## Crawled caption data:
· · · ·

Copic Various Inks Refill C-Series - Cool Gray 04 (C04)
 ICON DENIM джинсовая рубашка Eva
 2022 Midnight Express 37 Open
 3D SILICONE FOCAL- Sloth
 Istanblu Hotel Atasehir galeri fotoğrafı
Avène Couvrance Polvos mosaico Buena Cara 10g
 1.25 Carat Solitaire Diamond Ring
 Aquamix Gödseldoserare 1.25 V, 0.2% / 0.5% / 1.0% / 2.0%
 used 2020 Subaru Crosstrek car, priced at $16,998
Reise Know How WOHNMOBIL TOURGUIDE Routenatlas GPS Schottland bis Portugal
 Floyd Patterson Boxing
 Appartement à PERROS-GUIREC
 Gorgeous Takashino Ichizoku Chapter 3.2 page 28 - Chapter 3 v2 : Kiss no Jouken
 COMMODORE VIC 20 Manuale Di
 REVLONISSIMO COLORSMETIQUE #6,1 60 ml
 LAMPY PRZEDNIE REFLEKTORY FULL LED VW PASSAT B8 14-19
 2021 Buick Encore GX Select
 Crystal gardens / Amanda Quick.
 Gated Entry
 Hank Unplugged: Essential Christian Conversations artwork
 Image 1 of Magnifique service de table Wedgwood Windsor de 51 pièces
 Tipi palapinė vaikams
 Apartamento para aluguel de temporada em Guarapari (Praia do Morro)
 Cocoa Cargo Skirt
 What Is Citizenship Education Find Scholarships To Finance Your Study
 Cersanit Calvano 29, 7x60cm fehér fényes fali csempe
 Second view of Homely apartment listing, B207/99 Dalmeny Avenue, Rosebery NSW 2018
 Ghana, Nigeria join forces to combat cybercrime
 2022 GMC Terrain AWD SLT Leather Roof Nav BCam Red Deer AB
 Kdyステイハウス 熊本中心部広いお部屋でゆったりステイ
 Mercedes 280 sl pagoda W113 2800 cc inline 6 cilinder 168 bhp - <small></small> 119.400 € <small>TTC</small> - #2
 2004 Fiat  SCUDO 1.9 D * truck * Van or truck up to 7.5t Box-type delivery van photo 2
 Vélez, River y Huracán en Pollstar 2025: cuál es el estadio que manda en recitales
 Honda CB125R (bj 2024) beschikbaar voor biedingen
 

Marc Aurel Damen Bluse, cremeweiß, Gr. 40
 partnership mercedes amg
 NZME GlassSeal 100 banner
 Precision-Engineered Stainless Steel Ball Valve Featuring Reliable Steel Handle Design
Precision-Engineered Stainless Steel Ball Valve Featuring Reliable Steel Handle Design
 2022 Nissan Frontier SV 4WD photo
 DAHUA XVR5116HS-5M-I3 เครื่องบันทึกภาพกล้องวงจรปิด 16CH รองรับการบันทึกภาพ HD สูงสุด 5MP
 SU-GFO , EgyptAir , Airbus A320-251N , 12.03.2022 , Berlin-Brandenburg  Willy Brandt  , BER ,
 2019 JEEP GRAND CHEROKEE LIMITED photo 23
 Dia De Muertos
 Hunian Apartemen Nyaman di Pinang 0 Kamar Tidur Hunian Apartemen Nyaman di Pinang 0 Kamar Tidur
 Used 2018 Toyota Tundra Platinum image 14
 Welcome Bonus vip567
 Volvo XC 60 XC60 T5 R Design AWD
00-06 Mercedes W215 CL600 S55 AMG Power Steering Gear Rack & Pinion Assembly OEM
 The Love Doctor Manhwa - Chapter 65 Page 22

· · · ·

## Exercise prompt:
The data must be retyped in full, exactly as it reads.

## Exercise solution:
Copic Various Inks Refill C-Series - Cool Gray 04 (C04)
 ICON DENIM джинсовая рубашка Eva
 2022 Midnight Express 37 Open
 3D SILICONE FOCAL- Sloth
 Istanblu Hotel Atasehir galeri fotoğrafı
Avène Couvrance Polvos mosaico Buena Cara 10g
 1.25 Carat Solitaire Diamond Ring
 Aquamix Gödseldoserare 1.25 V, 0.2% / 0.5% / 1.0% / 2.0%
 used 2020 Subaru Crosstrek car, priced at $16,998
Reise Know How WOHNMOBIL TOURGUIDE Routenatlas GPS Schottland bis Portugal
 Floyd Patterson Boxing
 Appartement à PERROS-GUIREC
 Gorgeous Takashino Ichizoku Chapter 3.2 page 28 - Chapter 3 v2 : Kiss no Jouken
 COMMODORE VIC 20 Manuale Di
 REVLONISSIMO COLORSMETIQUE #6,1 60 ml
 LAMPY PRZEDNIE REFLEKTORY FULL LED VW PASSAT B8 14-19
 2021 Buick Encore GX Select
 Crystal gardens / Amanda Quick.
 Gated Entry
 Hank Unplugged: Essential Christian Conversations artwork
 Image 1 of Magnifique service de table Wedgwood Windsor de 51 pièces
 Tipi palapinė vaikams
 Apartamento para aluguel de temporada em Guarapari (Praia do Morro)
 Cocoa Cargo Skirt
 What Is Citizenship Education Find Scholarships To Finance Your Study
 Cersanit Calvano 29, 7x60cm fehér fényes fali csempe
 Second view of Homely apartment listing, B207/99 Dalmeny Avenue, Rosebery NSW 2018
 Ghana, Nigeria join forces to combat cybercrime
 2022 GMC Terrain AWD SLT Leather Roof Nav BCam Red Deer AB
 Kdyステイハウス 熊本中心部広いお部屋でゆったりステイ
 Mercedes 280 sl pagoda W113 2800 cc inline 6 cilinder 168 bhp - <small></small> 119.400 € <small>TTC</small> - #2
 2004 Fiat  SCUDO 1.9 D * truck * Van or truck up to 7.5t Box-type delivery van photo 2
 Vélez, River y Huracán en Pollstar 2025: cuál es el estadio que manda en recitales
 Honda CB125R (bj 2024) beschikbaar voor biedingen
 

Marc Aurel Damen Bluse, cremeweiß, Gr. 40
 partnership mercedes amg
 NZME GlassSeal 100 banner
 Precision-Engineered Stainless Steel Ball Valve Featuring Reliable Steel Handle Design
Precision-Engineered Stainless Steel Ball Valve Featuring Reliable Steel Handle Design
 2022 Nissan Frontier SV 4WD photo
 DAHUA XVR5116HS-5M-I3 เครื่องบันทึกภาพกล้องวงจรปิด 16CH รองรับการบันทึกภาพ HD สูงสุด 5MP
 SU-GFO , EgyptAir , Airbus A320-251N , 12.03.2022 , Berlin-Brandenburg  Willy Brandt  , BER ,
 2019 JEEP GRAND CHEROKEE LIMITED photo 23
 Dia De Muertos
 Hunian Apartemen Nyaman di Pinang 0 Kamar Tidur Hunian Apartemen Nyaman di Pinang 0 Kamar Tidur
 Used 2018 Toyota Tundra Platinum image 14
 Welcome Bonus vip567
 Volvo XC 60 XC60 T5 R Design AWD
00-06 Mercedes W215 CL600 S55 AMG Power Steering Gear Rack & Pinion Assembly OEM
 The Love Doctor Manhwa - Chapter 65 Page 22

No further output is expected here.